Saturday, June 23, 2018
Opinion

Pasco-Hernando Community College opens door to better life for many

Advanced education is one of the most important factors for a productive, pleasant and peaceful life. As in health care, affordability is as important as availability. In spite of the brightest minds in our richest country, we seem to lag behind.

Part of the reason has to do with a lack of understanding of priorities and the best practices. We continue to debate the best ways to teach and to test.

Moreover, the basic concepts of teaching are presently being challenged by new choices available through digital media and distant learning. The potential for future opportunities are beyond imagination. But, as we prepare to embrace the realistic and enormous future potential, we cannot forget to honor and appreciate the real successes of the past.

Pasco-Hernando Community College is celebrating 40 years of providing higher education and preparing students in both counties for a more advanced education.

In 1967, the Florida Legislature founded PHCC as the 28th and final link to the state's system of community colleges, to bring publicly supported higher education to the region's quickly growing population.

In 1972, Dr. Milton Jones, a dean at St. Petersburg Junior College, was hired as PHCC's first president and the classes were held in schools, storefronts, churches and libraries. Three years later PHCC built its first campus in Dade City, followed shortly thereafter by west campuses in New Port Richey, Brooksville and a temporary Spring Hill center that was replaced in 2010 by a nine building state-of-the art education complex. The fifth campus in Wesley Chapel is projected to open in 2014.

PHCC has seen only three college presidents since its inception, Dr. Milton Jones, Dr. Robert Judson and the current president, Dr. Katherine Johnson. The diversity and the longevity of the presidents and the faculty contributed vastly to the stability and success of the college.

In 1972, PHCC's application fee was $5 and tuition was $10 per credit hour. Enrolled students numbered 700 with a staff of 11 serving a population of 126,500. In 2012, the application fee is $25, tuition is $94.80 per credit hour, enrolled students total 15,970 and there is a full time staff of 350 serving a population of 638,321.

PHCC offers three associate degrees (arts, science and applied science) and more than 50 high-demand career programs in health care, law, business, human services etc.
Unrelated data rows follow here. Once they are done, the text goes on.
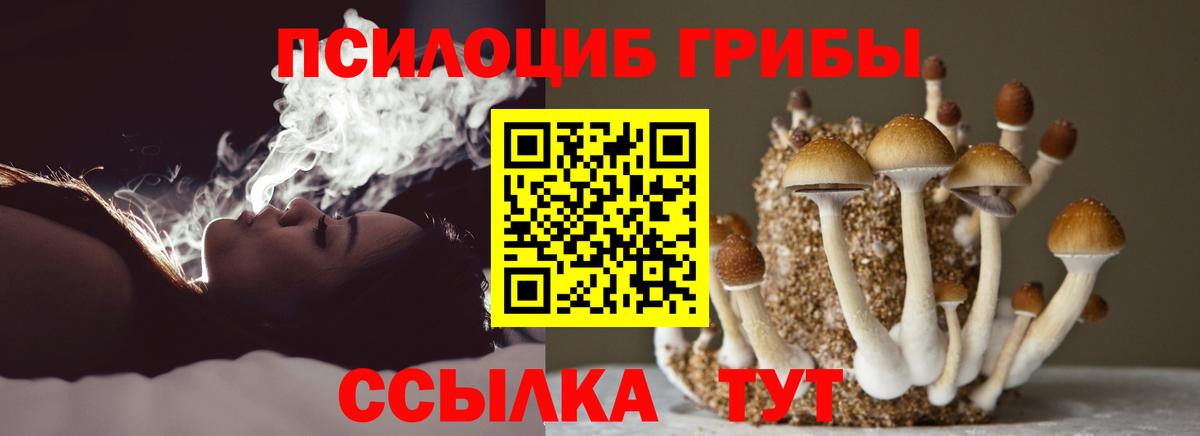 Псилоцибиновые грибы мицелий  Вход с VPN  Электросталь 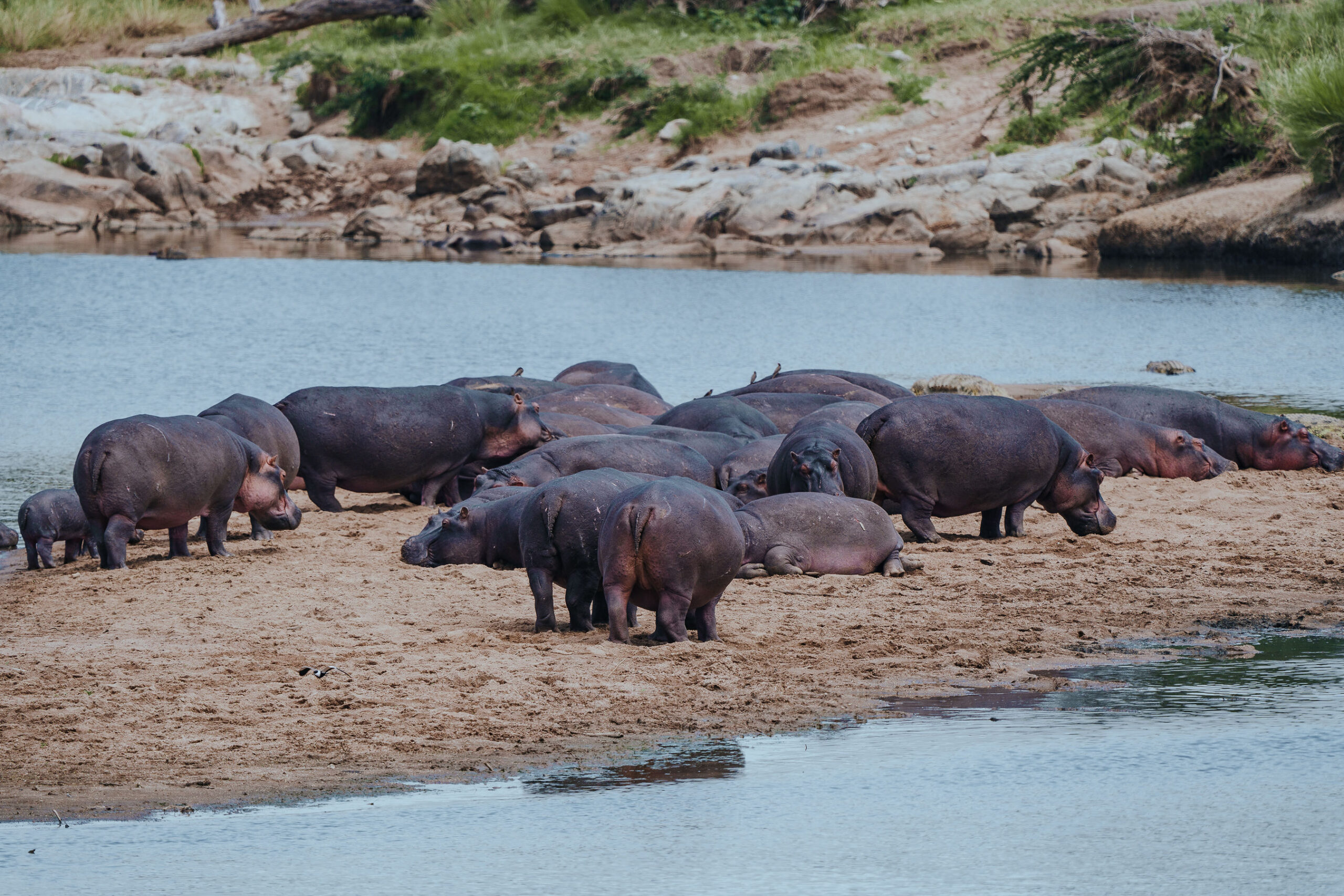 Tanzania Wildlife Destinations featuring lions in Ruaha National Park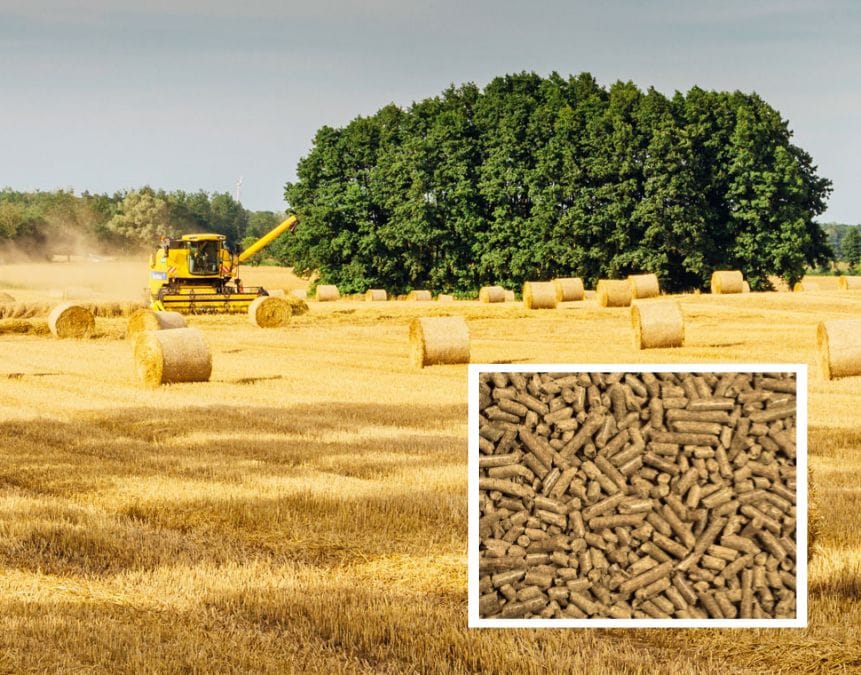 Линия гранулирования соломы из биомассы сельскохозяйственных отходов производительностью 5 тонн в час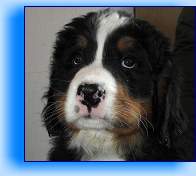 Orestes1 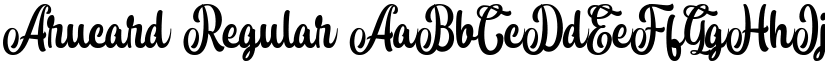 Arucard font download
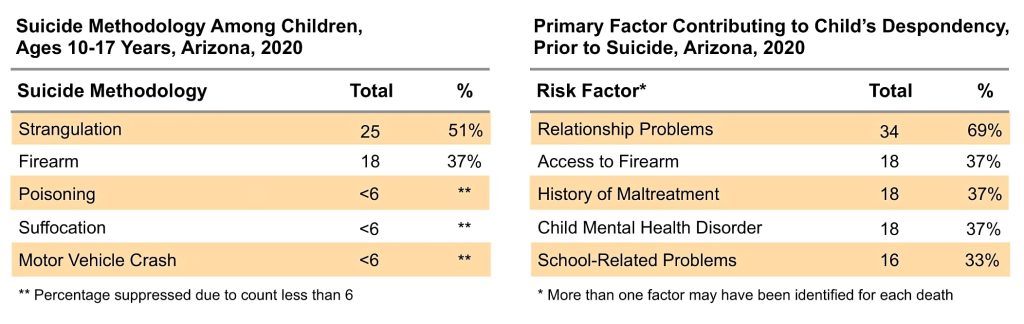 Arizona Child Suicides: Methodology & Risk Factors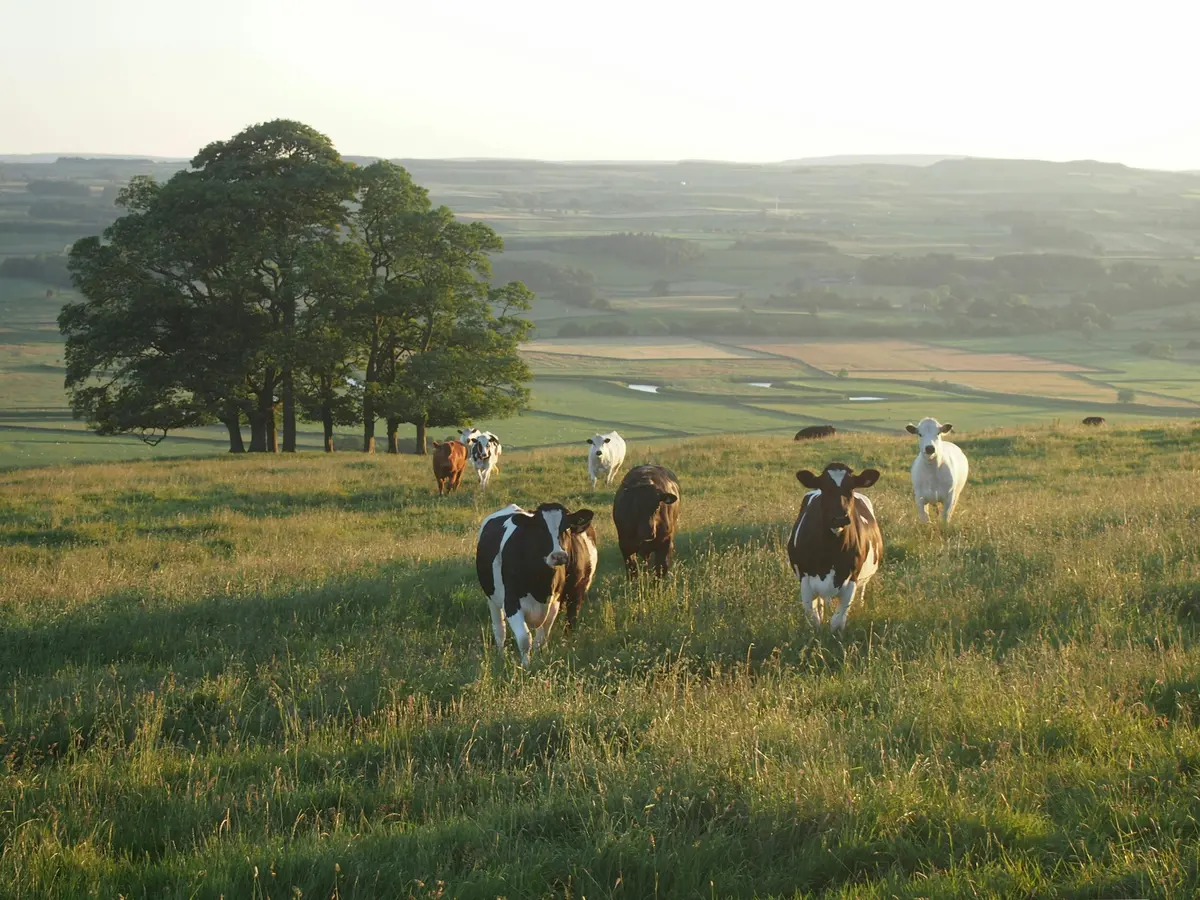 Le Lot de Ferme en Ferme : Découverte de la ferme du Pilou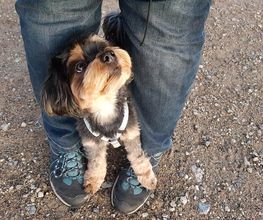 Hundeschule CaniSpirit Bild 2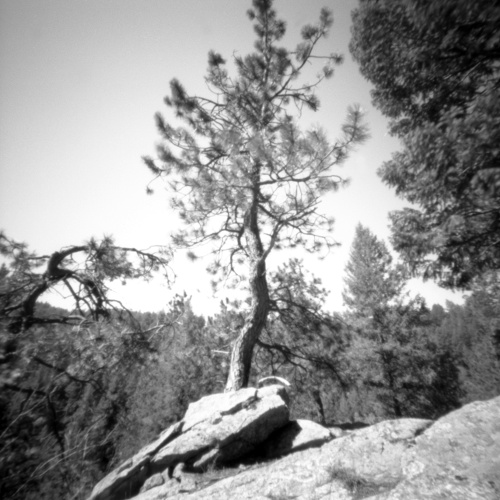 Colorado_Tree, 2023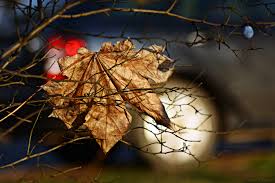 Ez a weboldal sütiket használ a felhasználói élmény javítása érdekében. Ingyenes Hatterkepek Napfeny Levelek Termeszet Auto Piros Ag Zold Kek Barna Nikon Bokeh Magyarorszag Kek Szint 2016 Fa Oszi Level Novenyen Szinek Noveny Hatter Bokehlicious Kocsi Gally Hatterkepkent Lombhullato Barna Fekete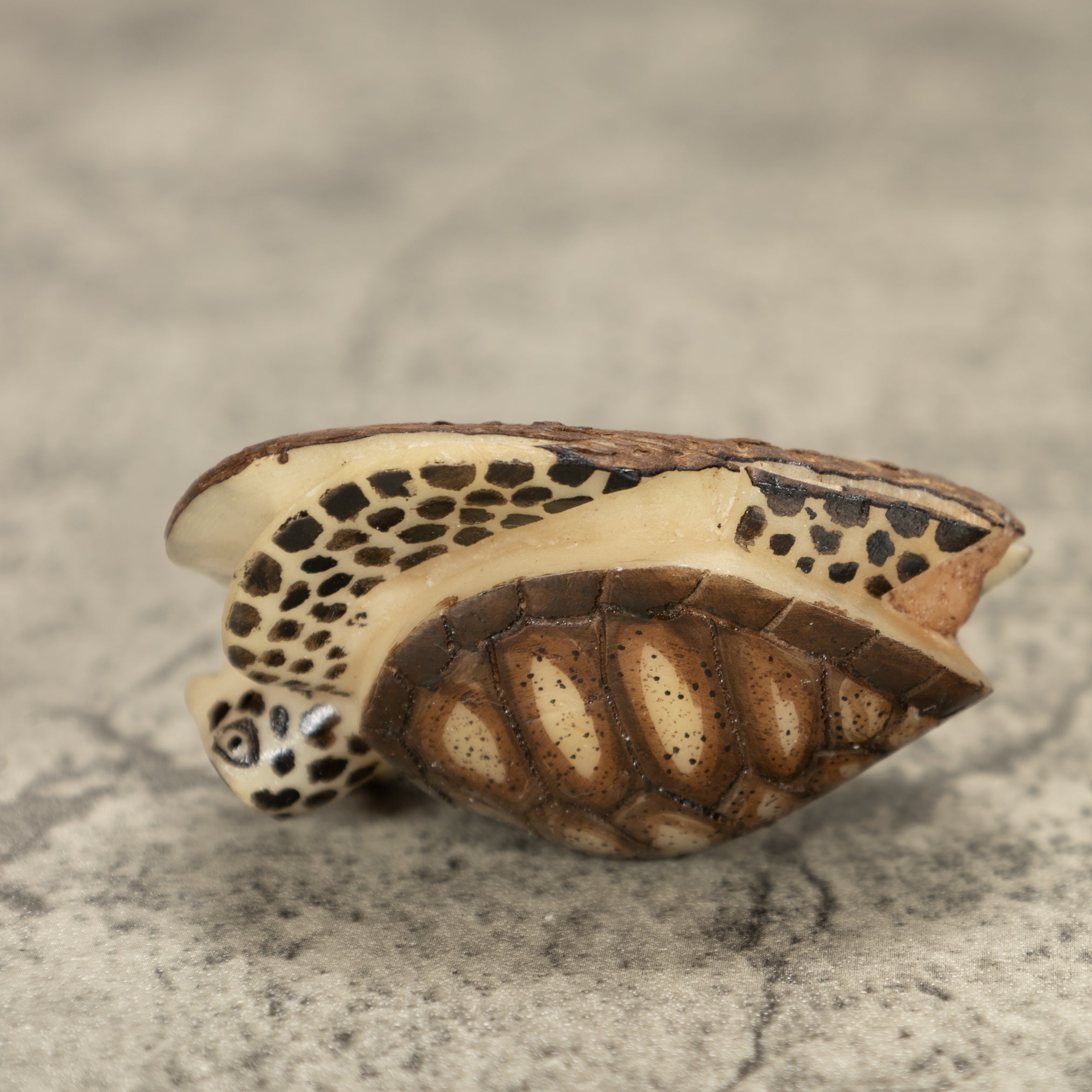 Sea Turtle Tagua Nut Carving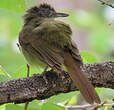 Bulbul à gorge blanche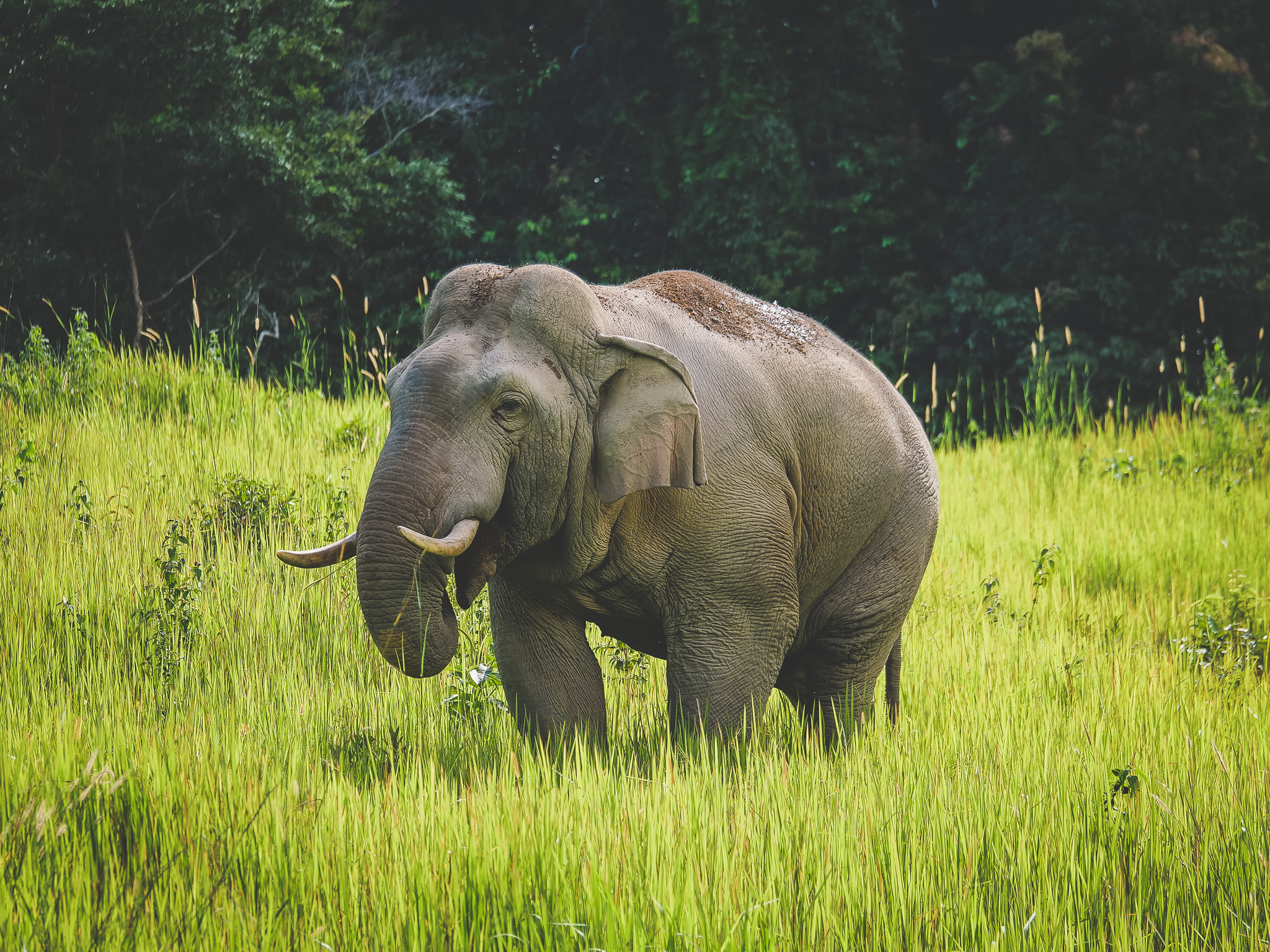 observer des éléphants sauvages à Khao Yai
The Education Preparation Institute provides an alternate route to teacher certification for mid-career professionals and college graduates who lack a specific degree in education.

PHCC also offers a corporate training program, specifically designed for the needs of local businesses, plus adult education and a continuing education program, offering everything from grant writing to computer programming to CPR.

Dual enrollment helps eligible high school students take college credit courses at no charge while the encore academy serves adults over the age of 50 to promote the concept of lifelong learning.

PHCC provides online courses for distant learning and partners with local and regional colleges and universities to offer bachelor degree programs.

Community is its middle name. Student success through innovative learning is its vision. Whatever your educational needs, PHCC is available to serve.

Dr. Rao Musunuru, a member of the PHCC Board of Trustees since 1999, is slated to become chairman this year for the third time.